First Posted: Mar 21, 2017 05:25 AM EDT
SpaceX's Dragon
From the ISS to the Moon, it seems SpaceX is ready for all.
(Photo : arronlee33/YouTube screenshot )

SpaceX's journey has been dramatically eventful, especially in the last few months. When the Falcon 9 rocket blasted off on its launch pad, there were many speculations on whether the company is ever going to recover out of its technical and financial obstacles. Fortunately, not only the company came out of all such problems but it is now also on track to make history by launching the first ever space tourism mission.

The SpaceX engineers and officials have sure worked hard to figure out the problem that caused the Falcon 9 rocket mishap, fixed it and relaunched the rocket on Feb. 19, 2017. The Falcon 9 rocket carried the Dragon cargo capsule, heavy with 5,500 lbs (2,495 kg) of cargo and delivered it to the International Space Station (ISS) in its second attempt on Feb. 23, 2017. In the final stage of the mission, the SpaceX Dragon capsule made successful on-sea landing near the coast of Baja, California, yesterday, PC Mag reported.

The novelty of SpaceX's Dragon cargo mission was its landing. The company designed the capsule to land it back on Earth with the help of a few parachutes and ISS crew command. It is speculated that SpaceX will soon start making these landings on solid ground. These achievements will definitely help in strengthening the growing partnership between NASA and SpaceX.

On the other hand, SpaceX has also made tremendous progress in other fronts. The recent announcement made by Elon Musk regarding the commencement of a space tourism mission, which is supposed to fly two yet-to-be-named people, has turned heads of scientific experts and others who aspire to be an astronaut.

Furthermore, SpaceX has collaborated with the Part-Time Scientists group and has agreed to "hitch a ride" for the two rovers and experimental models developed by them on its Falcon 9 rocket. Alina, the landing module, will host a range of experiments to be conducted on the lunar surface, L.A. Biz reported.

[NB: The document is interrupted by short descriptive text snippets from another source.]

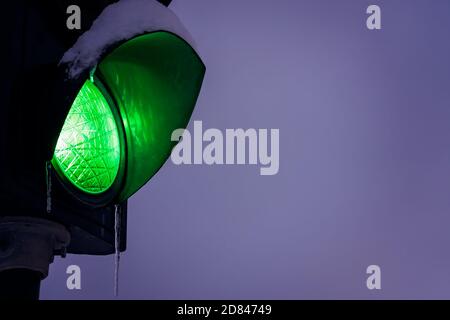 Green traffic lights covered in snow and icicle during blizzard and snowfall, Tromso, Norway Stock Photo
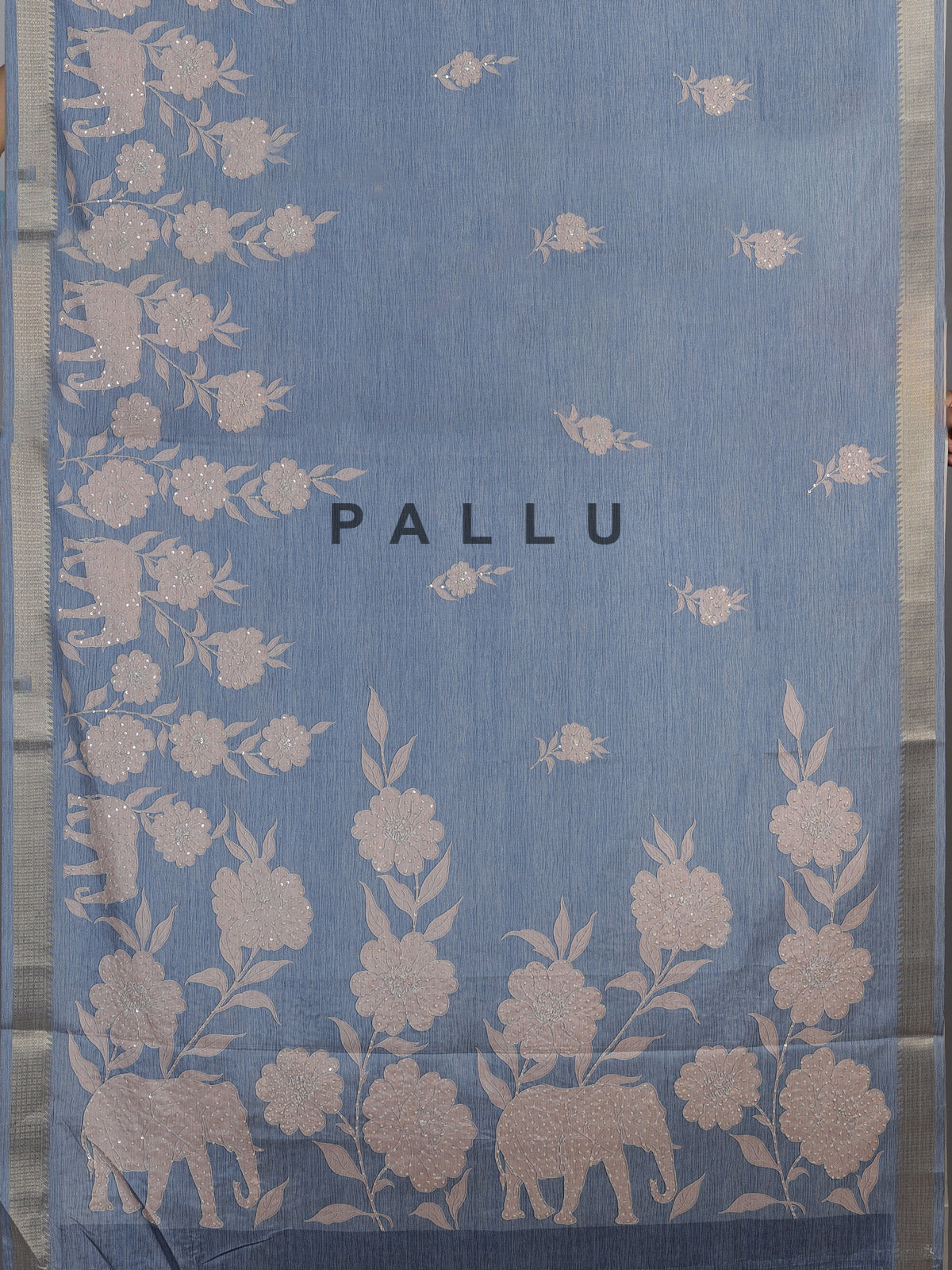 Stone blue art silk saree with floral and elephant motif detailing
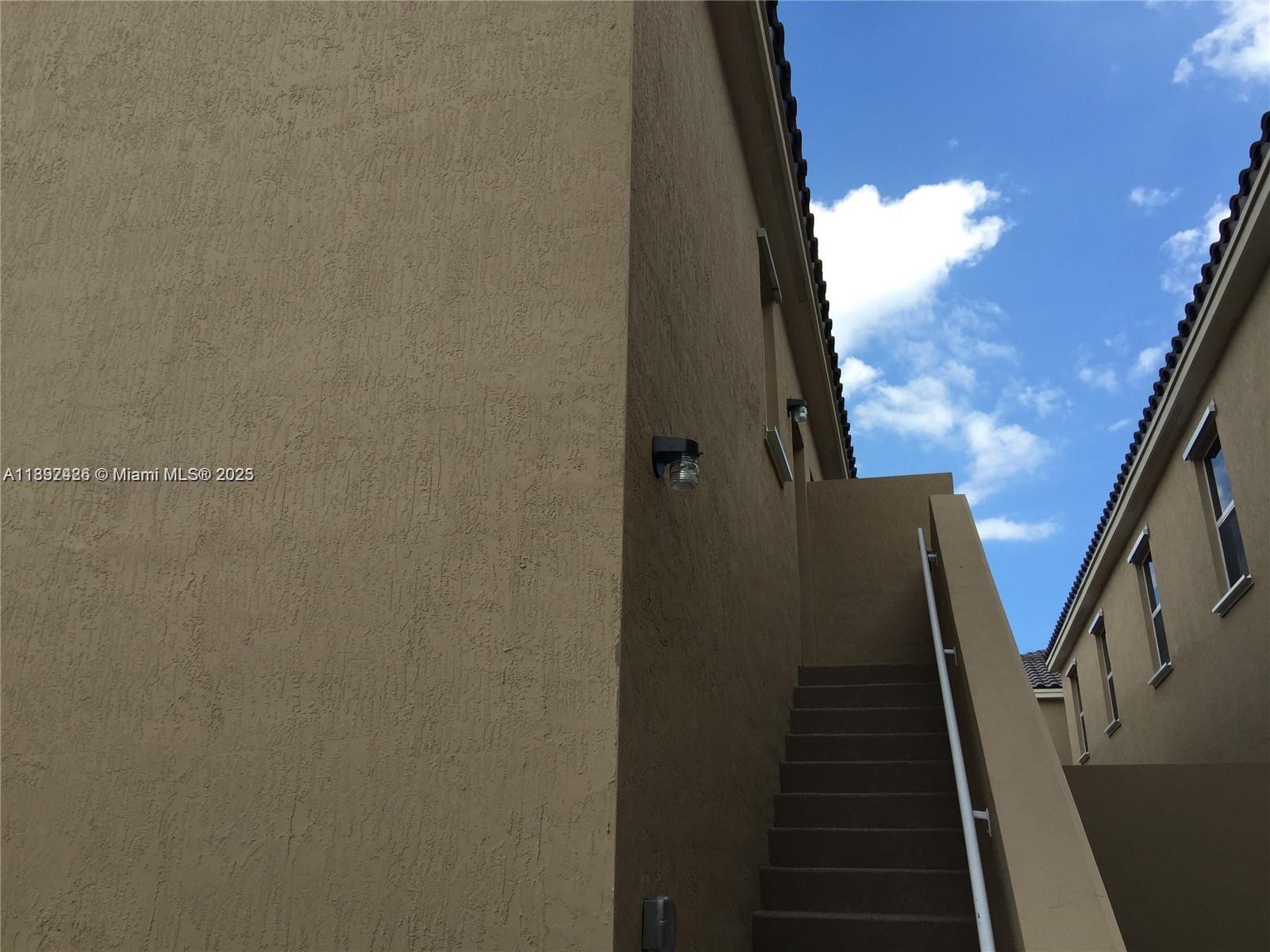 17105 Southwest 96th Street, Unit STUDIO Miami, FL 33196 - Photo 2 of 30 a view of an entryway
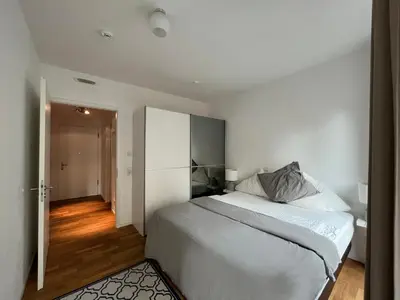 Ein Bett oder Betten in einem Zimmer der Unterkunft Modern Apartment in Mitte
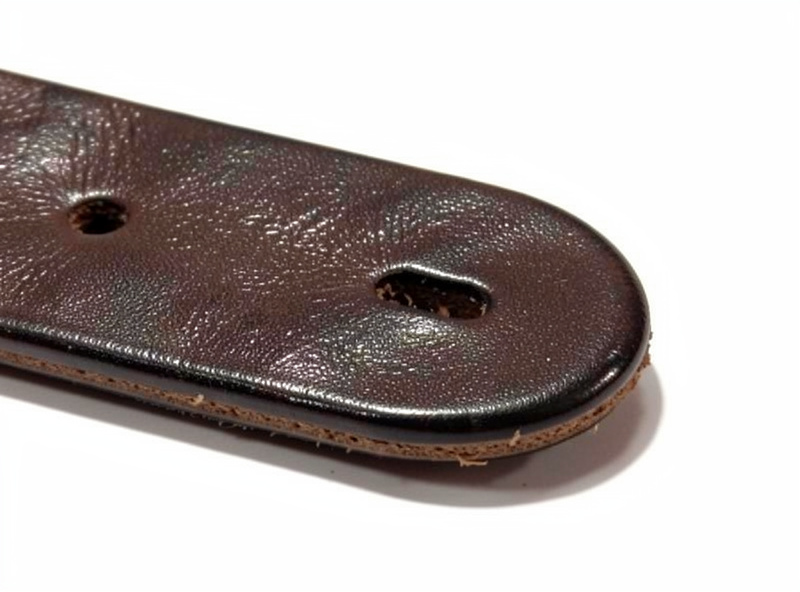 Close-up of a slotted keyhole end tab on a leather guitar strap cut for a strap button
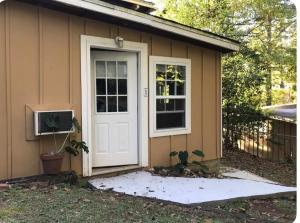a small house with a white door and a window at Embry Hills in Habersham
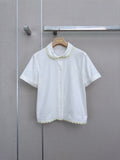 Lace-trimmed short white shirt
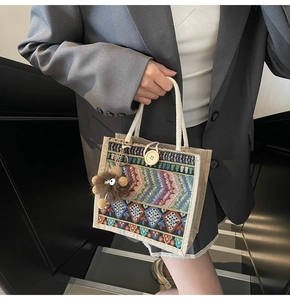 Detailed embroidery on a beige canvas tote with a cute plush monster charm detail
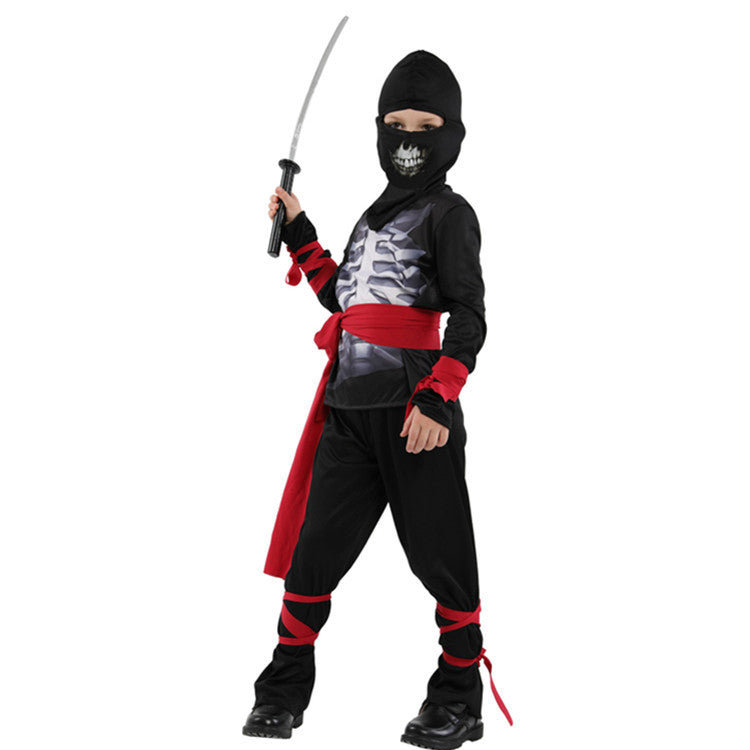 Child in a black ninja costume with skeleton print and red accents. Wielding a sword, the child wears a hooded mask with a skull design, striking a confident pose.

Vodafone, The British Telecommunications company, has already given its consent for providing high-speed link to communicate data back to Earth during the said mission. Experts are of the opinion that sending tourists and setting telecommunication network between Moon and Earth could be the most crucial steps towards setting up of the proposed "Moon Village." It is evident that SpaceX will have a major role in materializing it.